Named in the lawsuit were both Secretary of State Marco Rubio and Department of Health and Human Services Secretary Robert F. Kennedy Jr.
If the funding is still suspended without court intervention, the USCCB “faces irreparable damage to its longstanding refugee resettlement programs and its reputation and relationship with its subrecipients and the refugee populations it serves,” its lawsuit said.
The conference is one of 10 national agencies, most of them religion-based, that handle refugees and that have been sent scrambling since receiving a Jan. 24 State Department letter informing them of an immediate suspension of funding pending a review of foreign aid programs.
The lawsuit further argued that the resettlement program isn’t foreign aid and is instead a domestic program to help newly arrived refugees meet initial needs such as housing and job placement.
“USCCB spends more on refugee resettlement each year than it receives in funding from the federal government, but it cannot sustain its programs without the millions in federal funding that provide the foundation of this private-public partnership,” its lawsuit stipulated.

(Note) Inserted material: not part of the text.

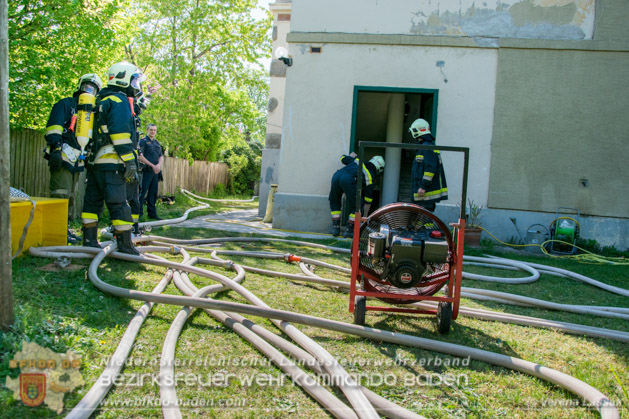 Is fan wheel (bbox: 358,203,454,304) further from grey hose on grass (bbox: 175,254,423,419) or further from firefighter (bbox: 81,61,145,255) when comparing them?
firefighter (bbox: 81,61,145,255)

Although the Trump administration has not responded to the lawsuit in court, Vice President JD Vance was critical of the Catholic bishops group in a Fox News interview earlier in February, saying it and related groups were involved in facilitating illegal immigration into the United States.
“You love your family, and then you love your neighbor, and then you love your community, and then you love your fellow citizens in your own country,” Vance, a Catholic, told Fox News. “Then after that, you can focus and prioritize the rest of the world.”
Vance, who called himself a devout Catholic in the interview, said he was disappointed in bishops because they had “not been a good partner in common sense immigration enforcement” and took in $100 million “to help resettle illegal immigrants.”
The Epoch Times contacted the Department of State for comment.